(Excerpts from a dataset)
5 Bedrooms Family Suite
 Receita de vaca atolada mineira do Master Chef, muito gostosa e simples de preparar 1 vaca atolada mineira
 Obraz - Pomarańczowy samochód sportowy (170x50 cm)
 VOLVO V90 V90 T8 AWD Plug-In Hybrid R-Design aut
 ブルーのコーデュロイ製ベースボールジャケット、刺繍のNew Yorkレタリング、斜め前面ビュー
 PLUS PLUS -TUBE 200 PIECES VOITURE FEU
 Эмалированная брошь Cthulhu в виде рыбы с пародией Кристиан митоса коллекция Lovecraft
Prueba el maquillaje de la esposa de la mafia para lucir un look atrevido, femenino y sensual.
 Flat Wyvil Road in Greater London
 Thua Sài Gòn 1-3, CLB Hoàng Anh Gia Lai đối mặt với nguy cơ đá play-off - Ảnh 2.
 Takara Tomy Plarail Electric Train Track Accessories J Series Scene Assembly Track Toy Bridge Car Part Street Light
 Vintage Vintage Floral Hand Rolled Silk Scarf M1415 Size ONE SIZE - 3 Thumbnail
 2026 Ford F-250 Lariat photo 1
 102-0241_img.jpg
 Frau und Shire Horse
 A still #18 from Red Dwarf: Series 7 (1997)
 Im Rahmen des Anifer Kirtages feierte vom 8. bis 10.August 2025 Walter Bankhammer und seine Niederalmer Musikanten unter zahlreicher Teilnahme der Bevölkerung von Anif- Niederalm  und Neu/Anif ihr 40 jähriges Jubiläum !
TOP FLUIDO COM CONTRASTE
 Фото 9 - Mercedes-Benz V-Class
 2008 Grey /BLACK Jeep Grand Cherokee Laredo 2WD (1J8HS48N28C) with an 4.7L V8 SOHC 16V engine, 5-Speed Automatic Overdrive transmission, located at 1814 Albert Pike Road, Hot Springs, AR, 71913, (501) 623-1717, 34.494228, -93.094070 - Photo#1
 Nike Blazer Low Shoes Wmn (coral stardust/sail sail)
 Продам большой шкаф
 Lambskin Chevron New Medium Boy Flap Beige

Aim of the exercise → The lines from the one with "Im Rahmen des" through the end of the data above are to be set down exactly, with both boundary lines included and no other lines.

Result →
 Im Rahmen des Anifer Kirtages feierte vom 8. bis 10.August 2025 Walter Bankhammer und seine Niederalmer Musikanten unter zahlreicher Teilnahme der Bevölkerung von Anif- Niederalm  und Neu/Anif ihr 40 jähriges Jubiläum !
TOP FLUIDO COM CONTRASTE
 Фото 9 - Mercedes-Benz V-Class
 2008 Grey /BLACK Jeep Grand Cherokee Laredo 2WD (1J8HS48N28C) with an 4.7L V8 SOHC 16V engine, 5-Speed Automatic Overdrive transmission, located at 1814 Albert Pike Road, Hot Springs, AR, 71913, (501) 623-1717, 34.494228, -93.094070 - Photo#1
 Nike Blazer Low Shoes Wmn (coral stardust/sail sail)
 Продам большой шкаф
 Lambskin Chevron New Medium Boy Flap Beige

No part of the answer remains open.